Trip reports

Indoor Meeting- an island odyssey

Indoor Meeting- an island odyssey
internationaldovesociety

Friday, 15 April 2011

Al Venables came to speak at our indoor meeting on Friday 15th April. I straightaway learnt something new. The fact that there are two kinds of islands: inshore and oceanic. Inshore islands used to be attached to the mainland. They only became islands as sea levels rose after the end of the last ice age. Our own Skomer and Skokholm are examples. This is why, as well as all the birds and seals, they also have their own subspecies of short-tailed field vole. The voles made the journey across a land bridge, but were cut off when the rising sea made an island.

Oceanic islands, on the other hand, were never attached to any mainland, but have always been separate and apart. On islands like this the only wildlife is that which can arrive by sea or air, so no voles or indeed other land mammals. (Of course, the arrival of man on many oceanic islands was quickly followed by the inevitable rats, dogs, cats, and often foxes, weasels or whatever else we thought it good to bring along. But that is another story...)

After a look at our Welsh favourites, the inshore Skomer and Skokholm, Al took us further afield to find some oceanic islands. First stop the Macaronesians.- the proper collective name for the Canaries, Azores and Madeira. The bird of particular interest here; the humble chaffinch. Many of us will have been to some of these islands, and if you have you may well have seen the chaffinches there. Remarkable for being the same, yet different to our own here in the UK. Much more blue and green in colour, and also more pink rather than the British brick red version. This is the island impact. Evolution in action and made more obvious by the isolation of the populations there from mainland birds leading to the differences we can see today. It has only relatively recently been discovered, by DNA testing, that the chaffinch left mainland Spain, made first stop at the Azores, and finally reached the Canaries via Madeira. By contrast the blue tit, also a separate and different looking bird to ours, came to the Canaries via North Africa, not Europe at all.
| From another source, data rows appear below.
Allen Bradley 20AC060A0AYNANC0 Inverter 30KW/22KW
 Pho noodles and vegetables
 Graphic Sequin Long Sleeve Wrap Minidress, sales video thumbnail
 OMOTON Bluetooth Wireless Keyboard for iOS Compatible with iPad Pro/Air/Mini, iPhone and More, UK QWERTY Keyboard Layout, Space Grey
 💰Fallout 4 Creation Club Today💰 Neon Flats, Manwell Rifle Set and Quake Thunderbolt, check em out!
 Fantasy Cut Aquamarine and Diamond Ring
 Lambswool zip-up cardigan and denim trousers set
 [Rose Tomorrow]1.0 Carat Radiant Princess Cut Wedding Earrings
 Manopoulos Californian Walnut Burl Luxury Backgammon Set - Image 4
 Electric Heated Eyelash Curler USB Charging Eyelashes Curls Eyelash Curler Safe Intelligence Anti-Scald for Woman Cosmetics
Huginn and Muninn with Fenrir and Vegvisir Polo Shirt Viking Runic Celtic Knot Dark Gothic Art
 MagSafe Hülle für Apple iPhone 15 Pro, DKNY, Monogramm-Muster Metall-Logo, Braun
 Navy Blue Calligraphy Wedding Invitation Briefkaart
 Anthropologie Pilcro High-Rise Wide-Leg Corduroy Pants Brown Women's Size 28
Al then took us on to other islands, Mauritius - home of the dodo, now known to have been a type of Pigeon. Pigeons are notable for being big island colonisers. Madeira and the Canaries have their own endemic species, as do many of the Pacific islands. We stopped in at Ascension and San Miguel islands on our way to Hawaii. Of course, it is not possible to look at these islands and not see the destruction to the local, unique wildlife caused by man and all his followers, the aforementioned rats, cats, dogs, etc. Some of what Al had to tell us was both gruesome and shameful. However, we came away on a positive note. There are alien species eradication programmes underway on many islands. Where there are island groups, sometimes where one has been decimated, others still have populations that can be used to try re-introduction. Much is lost forever, but much may yet be restored. A most interesting and thought provoking evening.